◆ WHAT YOU ARE ASKED TO DO ◆
In the material below, find the line with "Satpolairud Polres Siak" and the line with "Photo 3 of Sale". Output exactly those two lines and all lines between them, leaving out pictures.

*** MATERIAL PROVIDED Section Begins ***

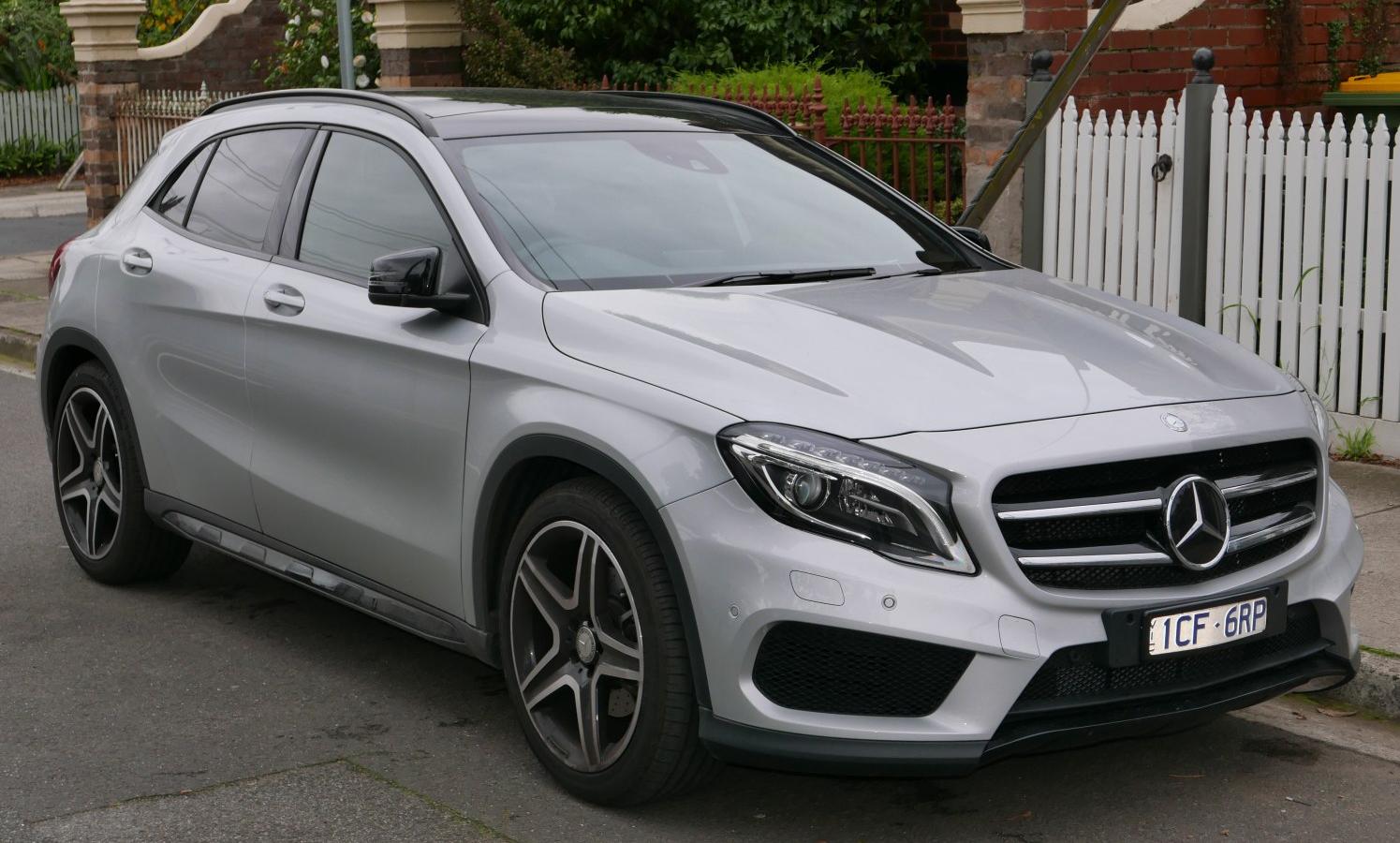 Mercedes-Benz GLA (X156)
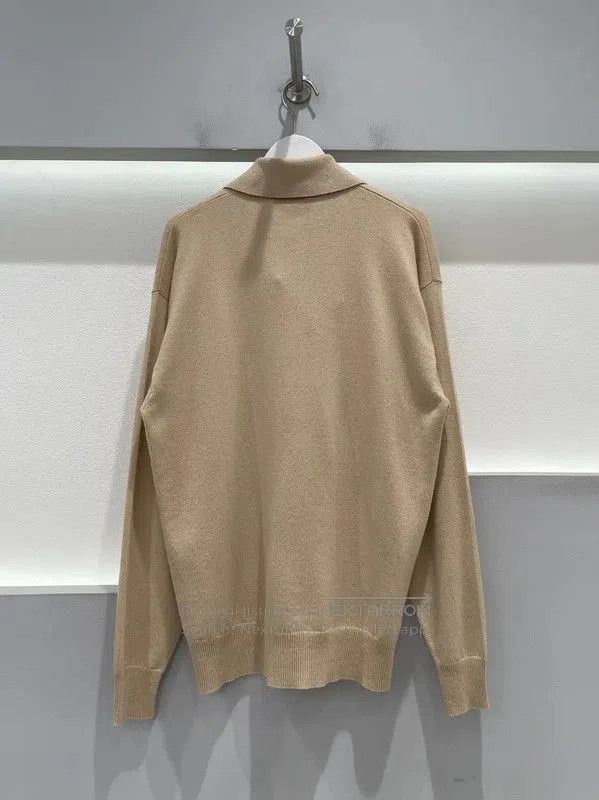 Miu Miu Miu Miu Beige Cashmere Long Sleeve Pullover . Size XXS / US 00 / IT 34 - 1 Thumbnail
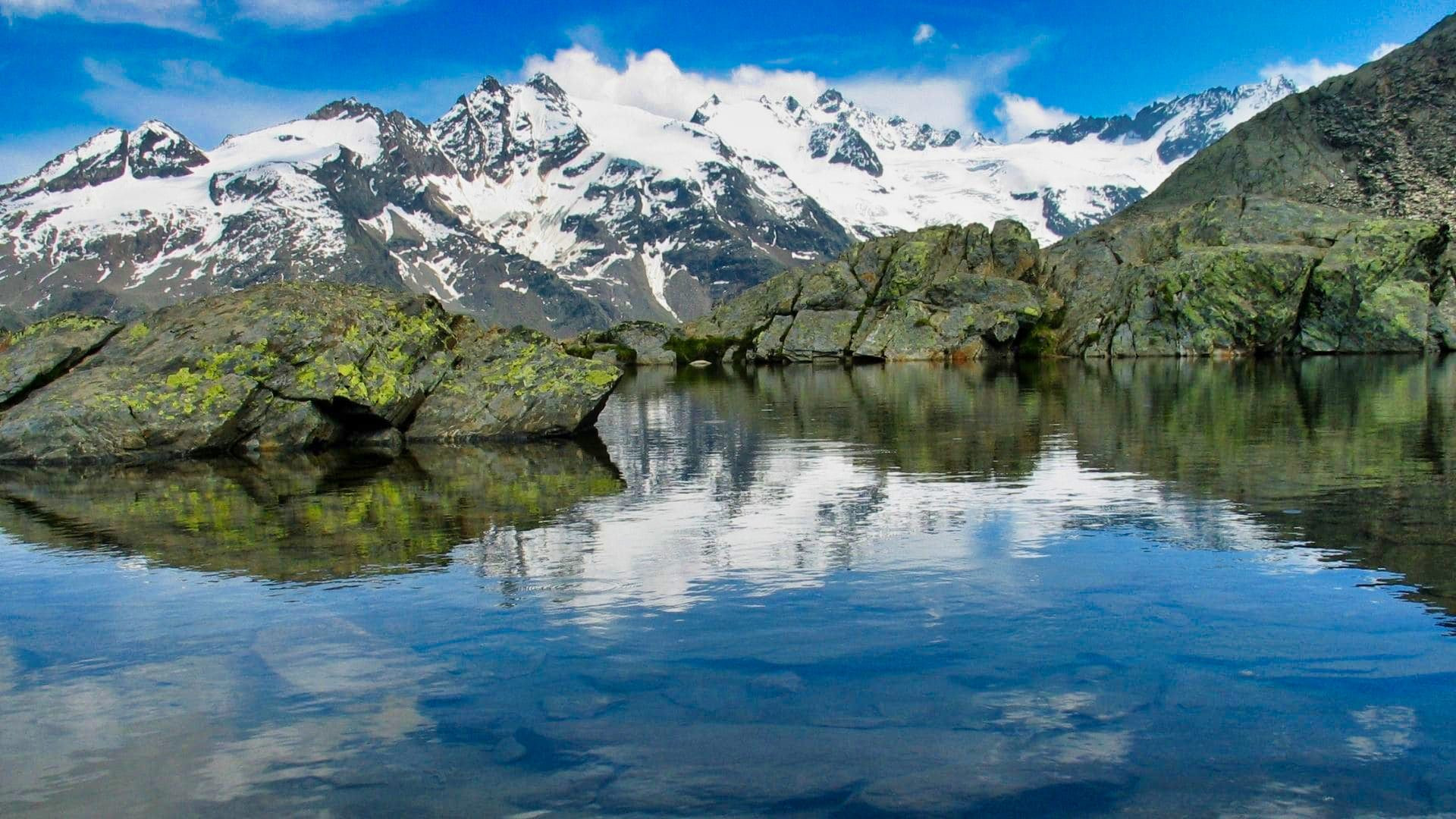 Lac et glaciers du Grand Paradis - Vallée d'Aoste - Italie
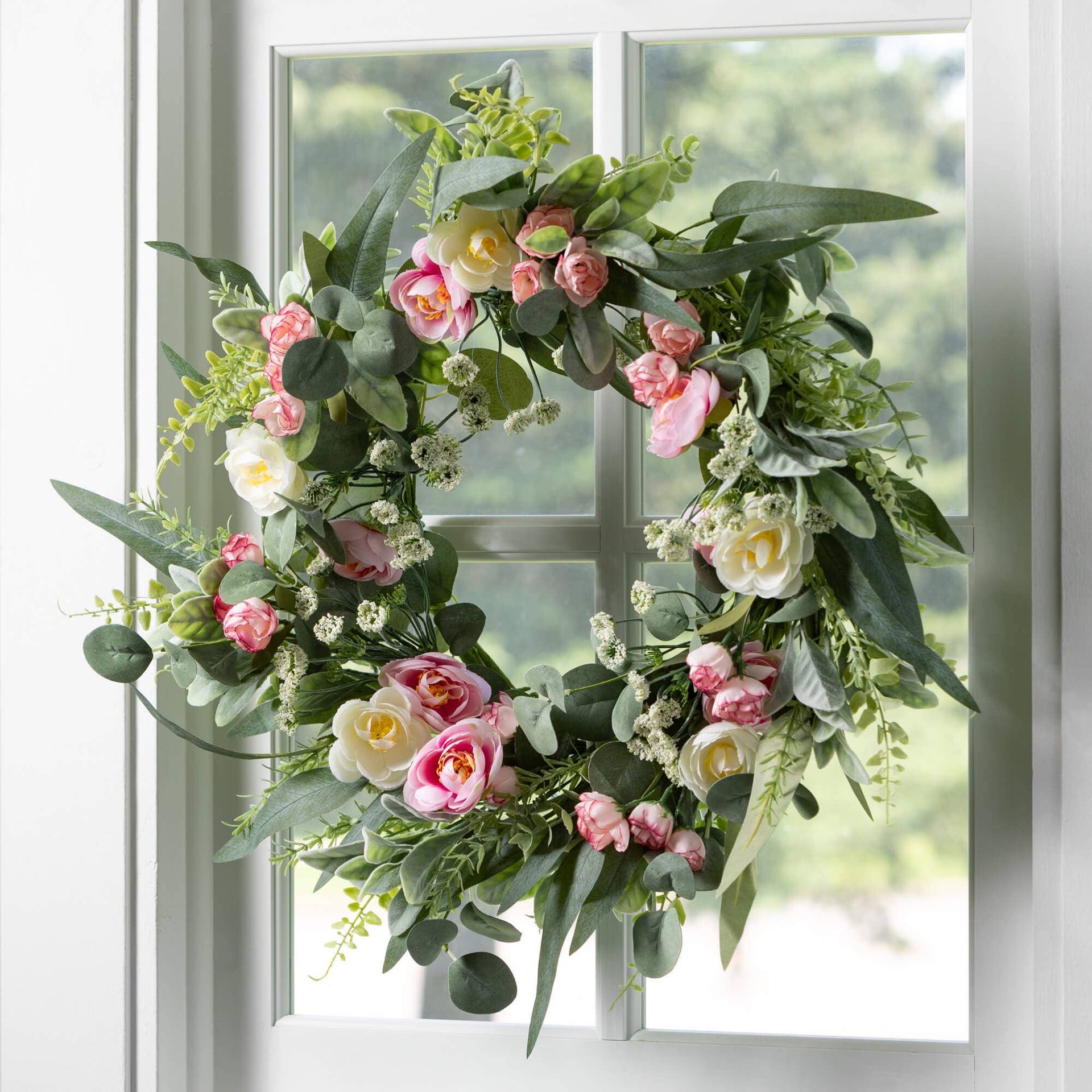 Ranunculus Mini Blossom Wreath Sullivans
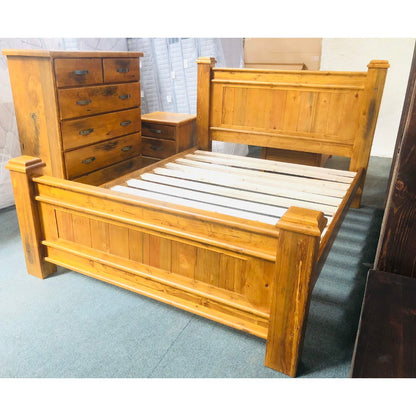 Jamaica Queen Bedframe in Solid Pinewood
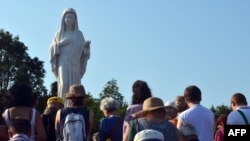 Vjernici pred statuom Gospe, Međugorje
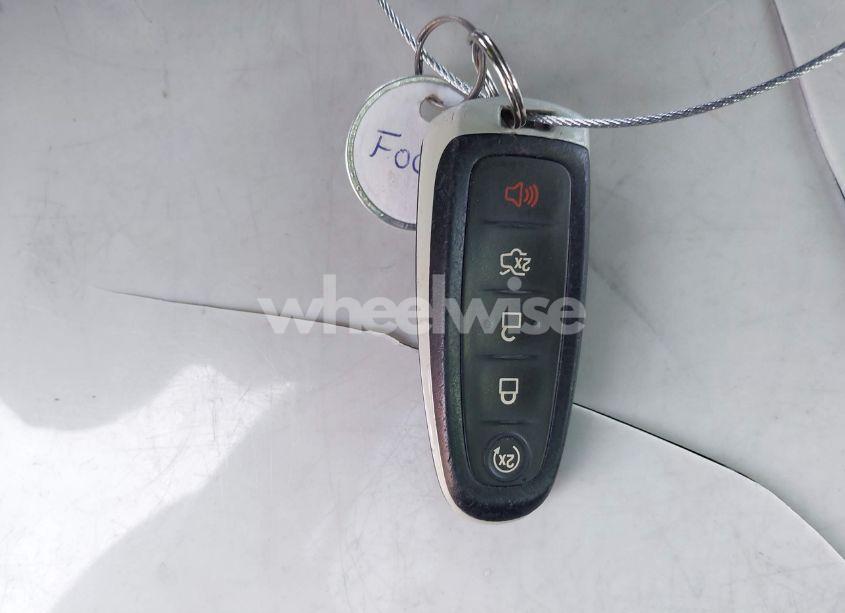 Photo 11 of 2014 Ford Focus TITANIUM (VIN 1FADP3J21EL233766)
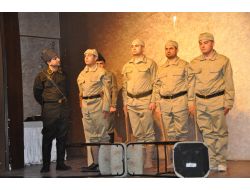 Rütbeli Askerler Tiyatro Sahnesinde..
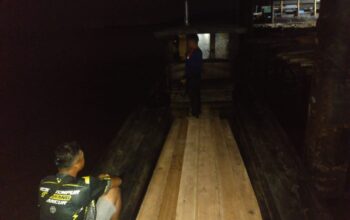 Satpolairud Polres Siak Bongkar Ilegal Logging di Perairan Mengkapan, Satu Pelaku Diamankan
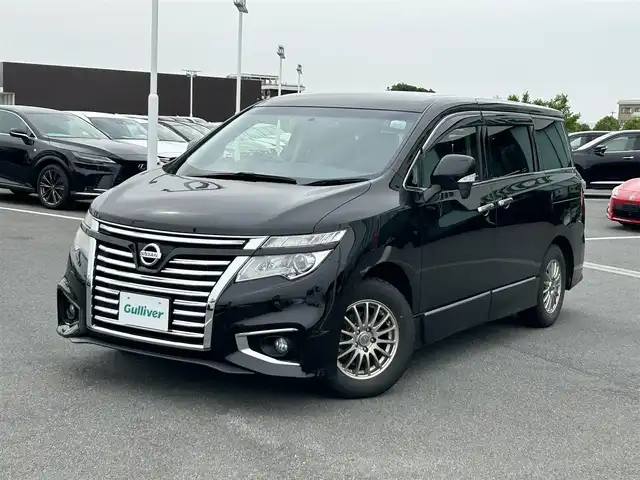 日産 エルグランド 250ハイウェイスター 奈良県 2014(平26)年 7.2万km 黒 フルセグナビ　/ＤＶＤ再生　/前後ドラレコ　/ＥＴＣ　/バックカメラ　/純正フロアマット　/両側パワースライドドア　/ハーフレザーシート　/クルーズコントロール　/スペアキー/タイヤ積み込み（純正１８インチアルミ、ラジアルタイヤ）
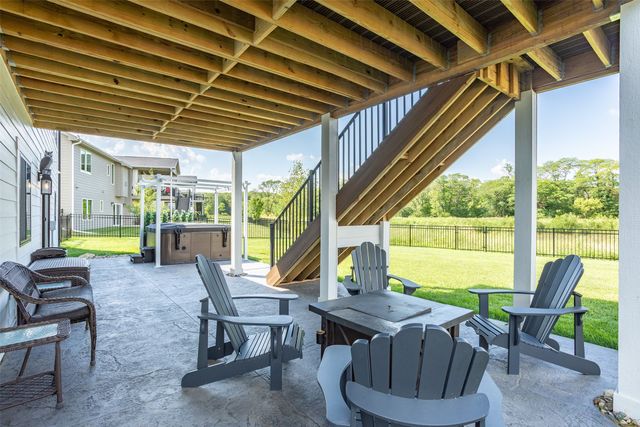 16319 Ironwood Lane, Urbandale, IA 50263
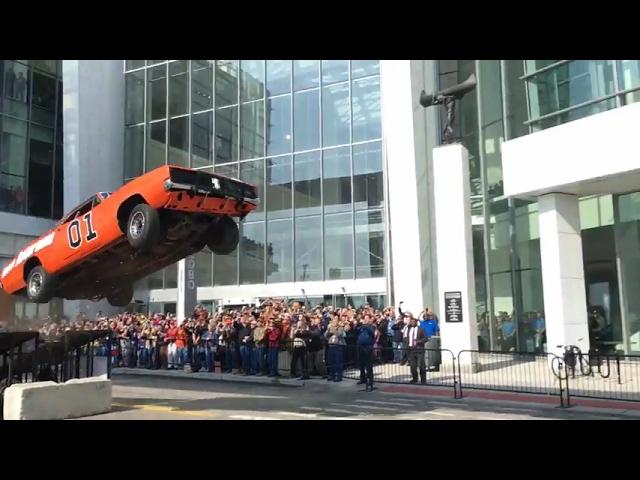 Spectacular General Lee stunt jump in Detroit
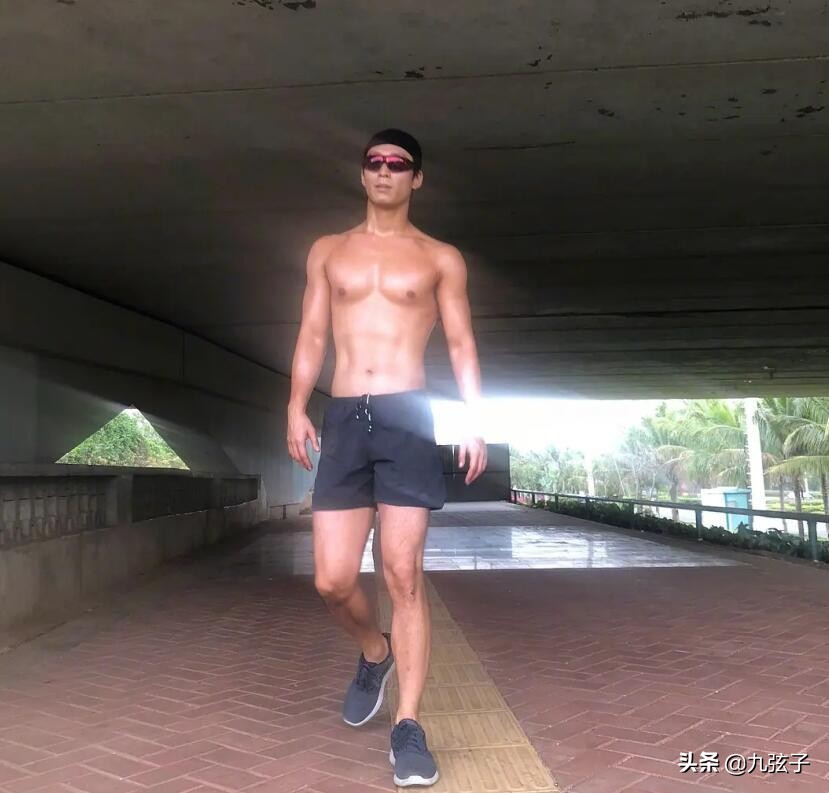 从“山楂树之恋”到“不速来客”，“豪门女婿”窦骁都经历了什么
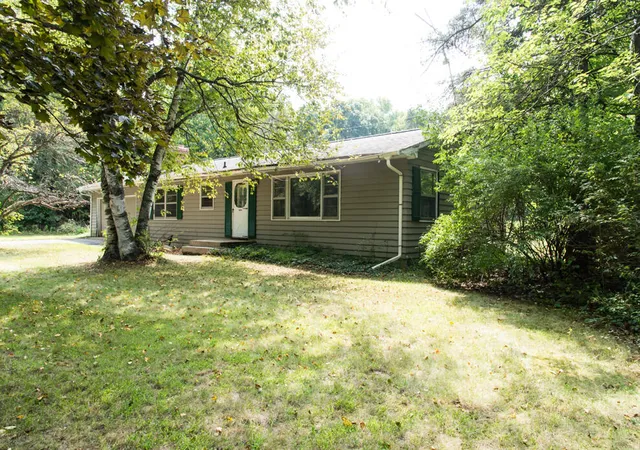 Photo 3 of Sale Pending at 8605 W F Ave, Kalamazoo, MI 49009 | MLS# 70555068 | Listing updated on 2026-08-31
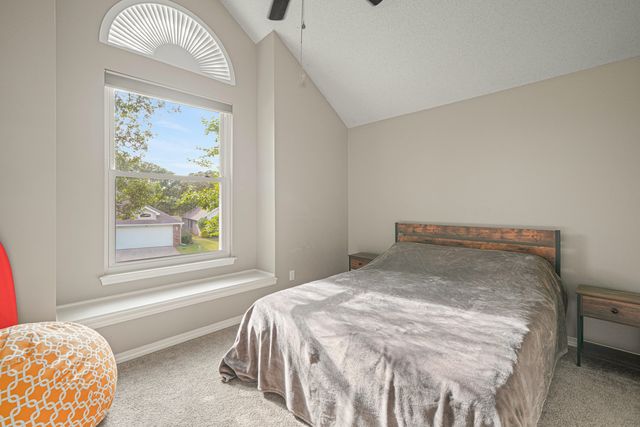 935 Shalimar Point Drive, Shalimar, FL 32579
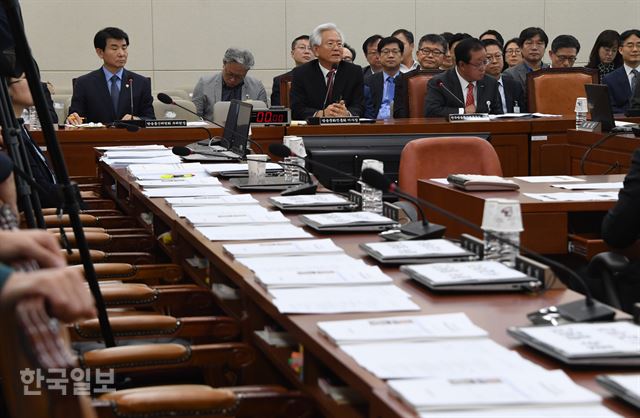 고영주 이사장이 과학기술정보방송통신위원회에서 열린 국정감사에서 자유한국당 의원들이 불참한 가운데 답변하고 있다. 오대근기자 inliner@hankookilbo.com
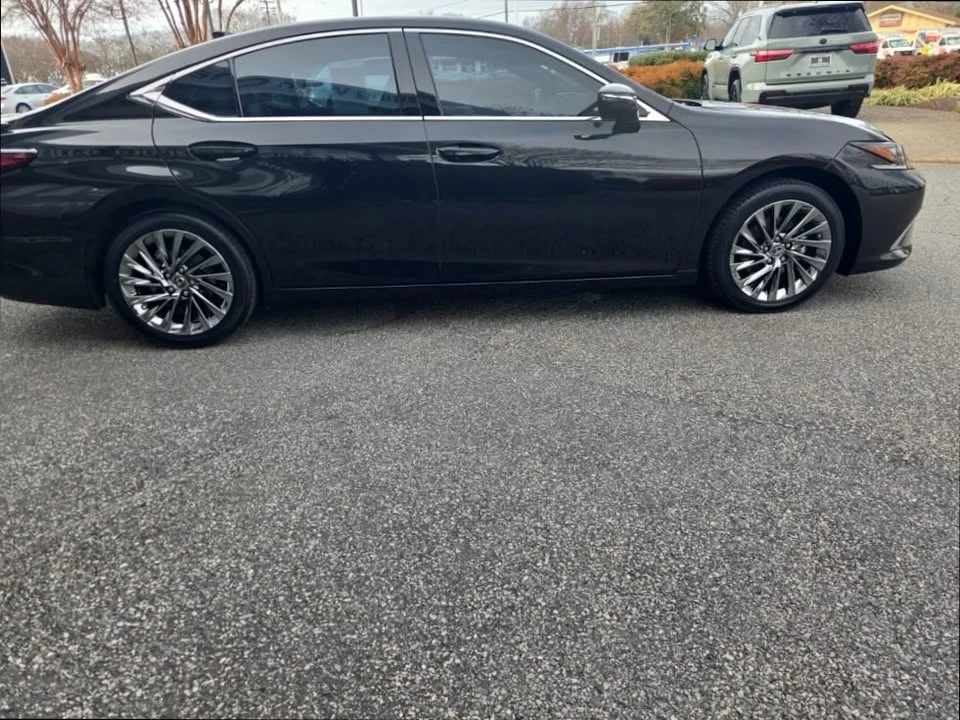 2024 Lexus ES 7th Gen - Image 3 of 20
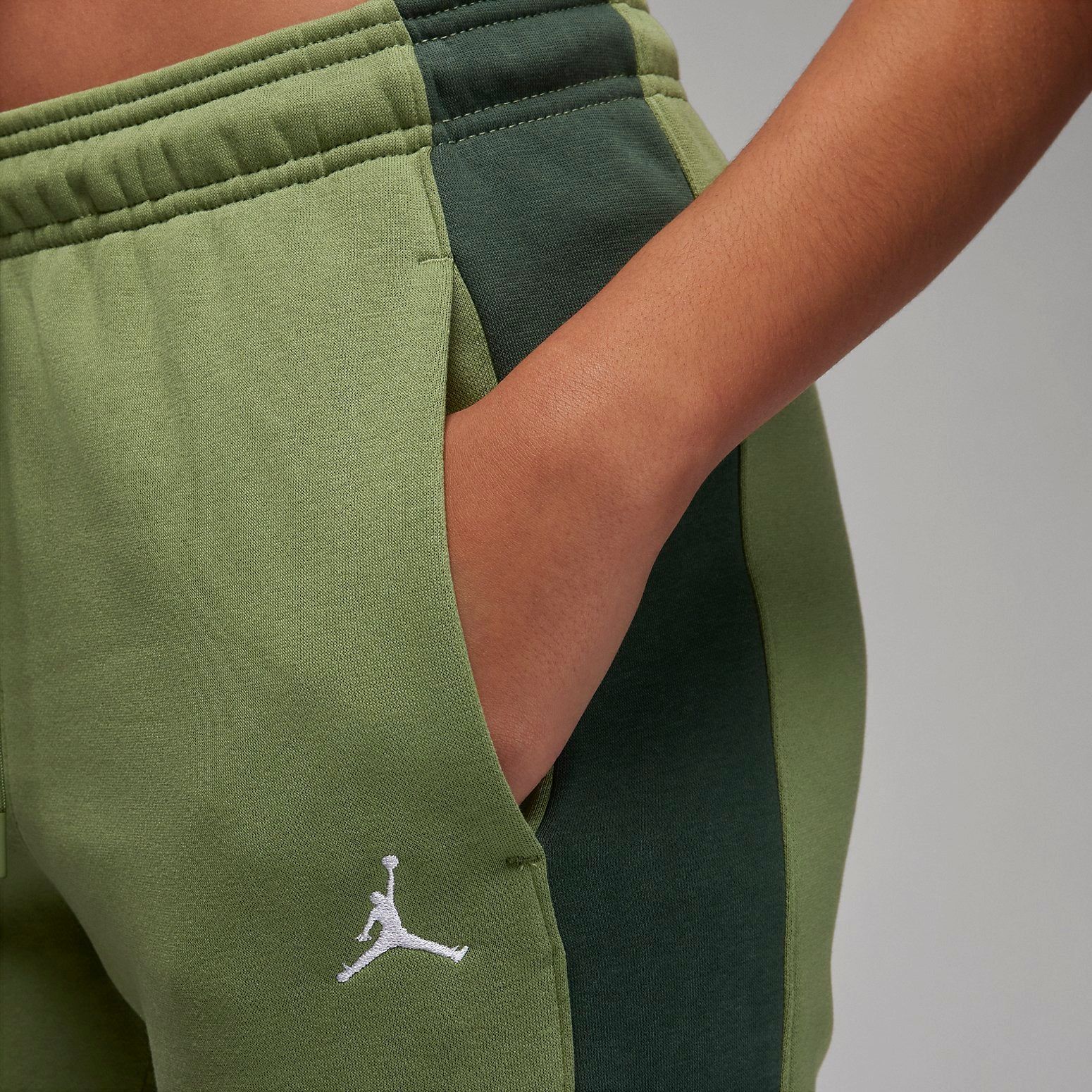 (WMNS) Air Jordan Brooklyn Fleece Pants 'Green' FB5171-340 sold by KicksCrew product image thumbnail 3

*** MATERIAL PROVIDED Section Ends ***

◆ PROBLEM SOLUTION ◆
 Satpolairud Polres Siak Bongkar Ilegal Logging di Perairan Mengkapan, Satu Pelaku Diamankan
 日産 エルグランド 250ハイウェイスター 奈良県 2014(平26)年 7.2万km 黒 フルセグナビ　/ＤＶＤ再生　/前後ドラレコ　/ＥＴＣ　/バックカメラ　/純正フロアマット　/両側パワースライドドア　/ハーフレザーシート　/クルーズコントロール　/スペアキー/タイヤ積み込み（純正１８インチアルミ、ラジアルタイヤ）
 16319 Ironwood Lane, Urbandale, IA 50263
 Spectacular General Lee stunt jump in Detroit
 从“山楂树之恋”到“不速来客”，“豪门女婿”窦骁都经历了什么
 Photo 3 of Sale Pending at 8605 W F Ave, Kalamazoo, MI 49009 | MLS# 70555068 | Listing updated on 2026-08-31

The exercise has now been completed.